TASK TO CARRY OUT ▸
Excluding pictures, transcribe precisely the lines from the one containing "Comme Des Garçons" to the final line of the listing below, inclusive, and nothing more.

SUPPLIED MATERIAL ▸
========

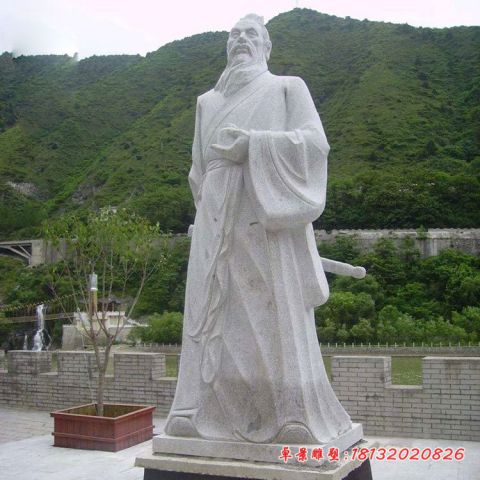 古代名人司马懿石雕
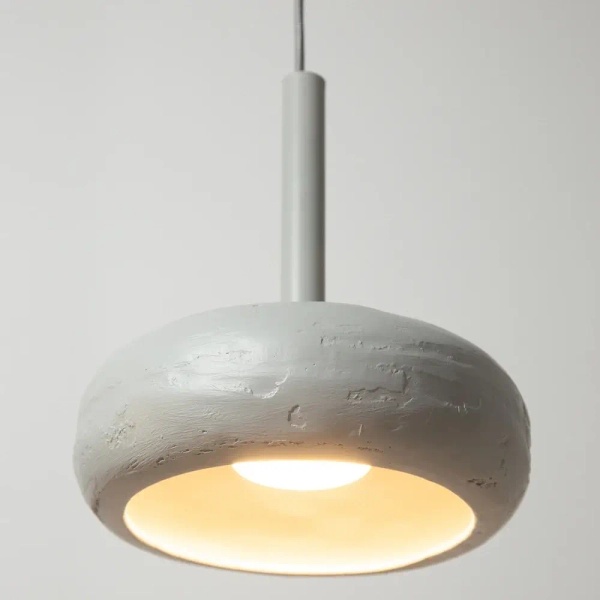 Żyrandol do salonu wiszący Otto 3 41397 podłużny ceramika szary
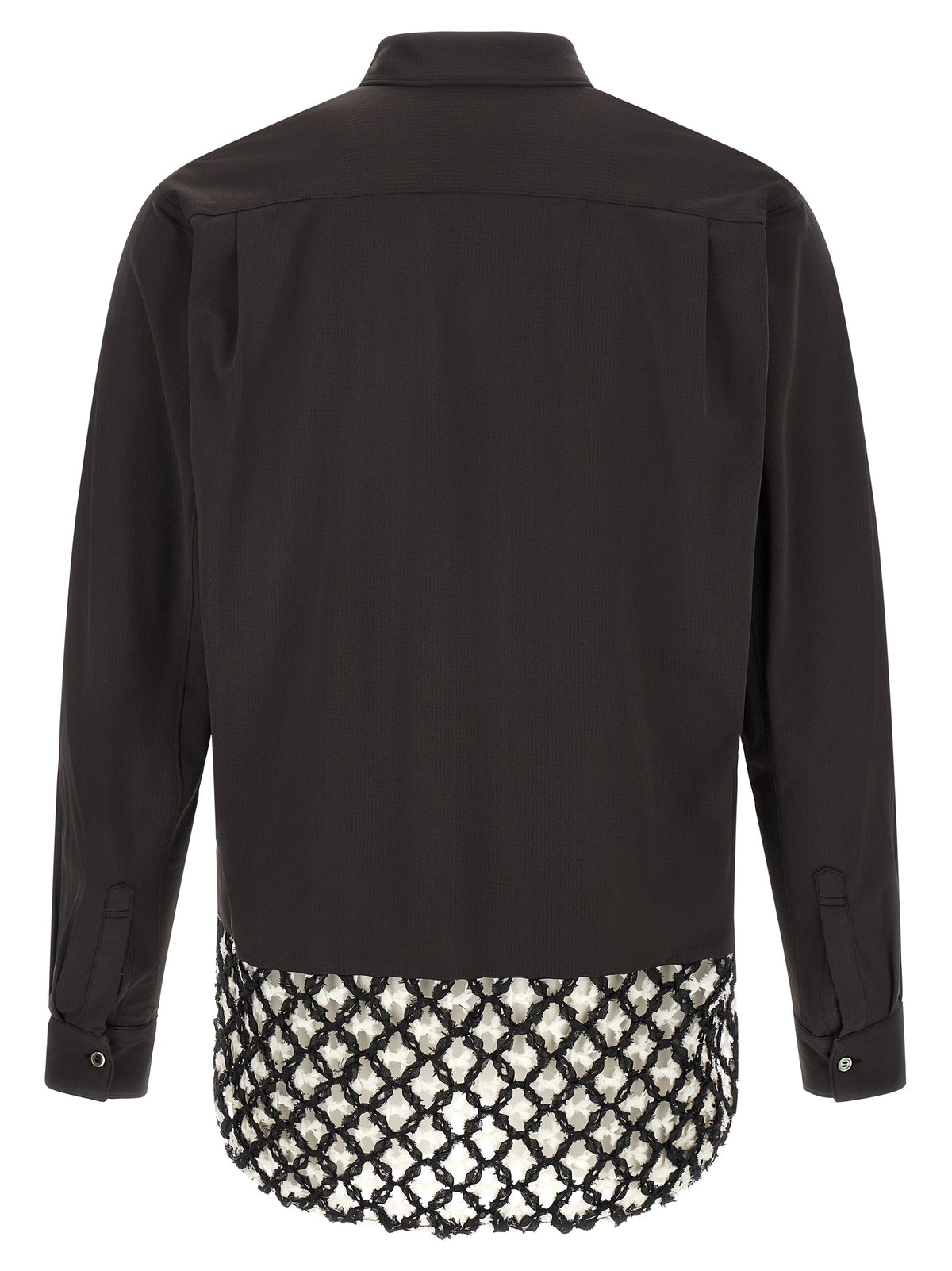 Comme Des Garçons Homme Plus Bicolor Mesh Insert Shirt White, view 2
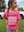 Youth Checked out Tee - Neon Pink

========

ANSWER TO THE EXERCISE ▸
 Comme Des Garçons Homme Plus Bicolor Mesh Insert Shirt White, view 2
 Youth Checked out Tee - Neon Pink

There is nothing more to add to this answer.